NamesPop
Analysis

Naming in the Age of Algorithms: How Apps and Data Shape What We Call Our Kids

Jack Lin· Founder & Editor-in-Chief
·10 min read
Naming Trend AnalysisSSA & Open Data

I built a baby name database. In doing so, I became one of the people responsible for shaping what names parents encounter when they search — and therefore, at least in some small way, what names get considered. I am not entirely sure what to do with that. The algorithm decides what comes first. What comes first gets clicked. What gets clicked gets weighted. The loop is quiet and invisible and probably real.

This piece is an attempt to think honestly about what I built, what it does, and what the proliferation of baby name apps and AI generators means for one of the most private decisions parents make.

How People Actually Use Baby Name Apps and Databases

The usage patterns on NamesPop tell a story I suspect is similar across baby name tools. People do not arrive with an open mind and an empty notebook, ready to discover whatever the data contains. They arrive with pre-existing leanings — a shortlist of maybe five to fifteen names — and they use the tool to validate, rank, and compare within that shortlist. They search names they already know. They explore "similar names" suggestions to find names adjacent to ones they already like. They check trend data to confirm or challenge their intuitions about whether a name is rising or falling.

What they rarely do, in my observation, is genuinely discover names they had never encountered. The tool functions as a validation and comparison mechanism more than a discovery mechanism. This sounds modest and possibly harmless. But there is a feedback structure embedded in it that deserves examination.

The Gravitational Pull of Rankings

Every tool that surfaces a "top 100" or "most popular" list is doing something with real consequences: it is making the most popular names more visible than the names that are slightly less popular. A name that ranks 45th is surfaced frequently, clicked frequently, considered frequently. A name that ranks 145th gets far less exposure, even if the quality difference between a 45th-rank name and a 145th-rank name is essentially zero.
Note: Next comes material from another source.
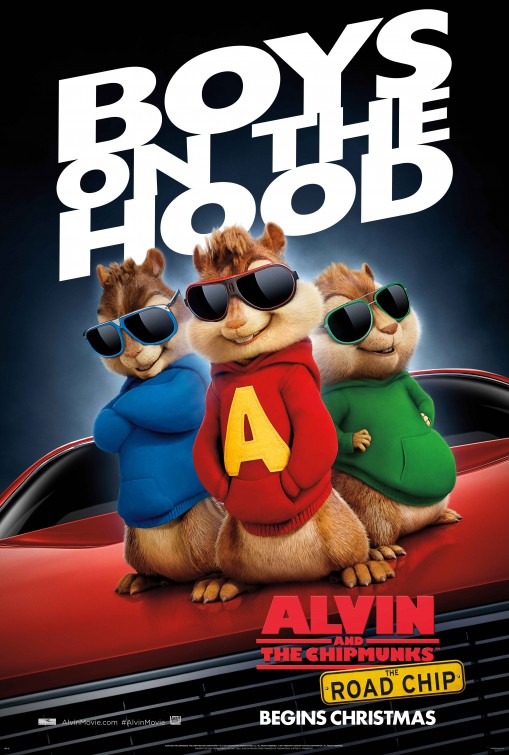 Alvin and the Chipmunks: The Road Chip Movie Poster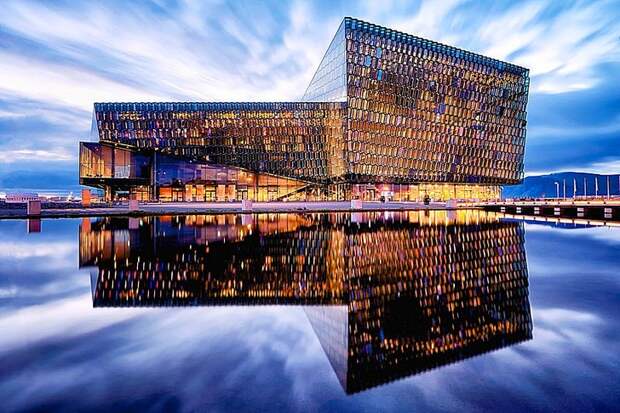 Концертный зал Харпа (Harpa Blue Hour)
The result is a gravitational pull toward the center of the distribution. Parents who are uncertain — which is most parents — tend to anchor on what they see most often, and what they see most often is what is most popular. The tool, by surfacing rankings, creates a selection pressure toward popular names that is independent of any individual parent's preference.

The Algorithm's Feedback Loop

Eli Pariser's The Filter Bubble: What the Internet Is Hiding from You (2011, Penguin Press) introduced the concept of filter bubbles in the context of news and social media, but the underlying mechanism is general: when algorithms surface content based on popularity or predicted relevance, they create a feedback loop that makes the popular more popular and the rare more rare. The algorithm is not neutral; it is a system with a bias built into its structure.

In baby naming, the feedback loop works like this: popular names appear prominently on naming sites → they get clicked and searched more → their metrics improve → they appear even more prominently → they get considered by more parents → they become more popular → the cycle continues. Cathy O'Neil, in Weapons of Math Destruction (2016, Crown), documented how algorithmic feedback loops in various social systems systematically amplify initial advantages. The baby naming version is relatively low-stakes compared to the cases O'Neil examines — credit scoring, criminal justice, hiring — but the mechanism is structurally similar.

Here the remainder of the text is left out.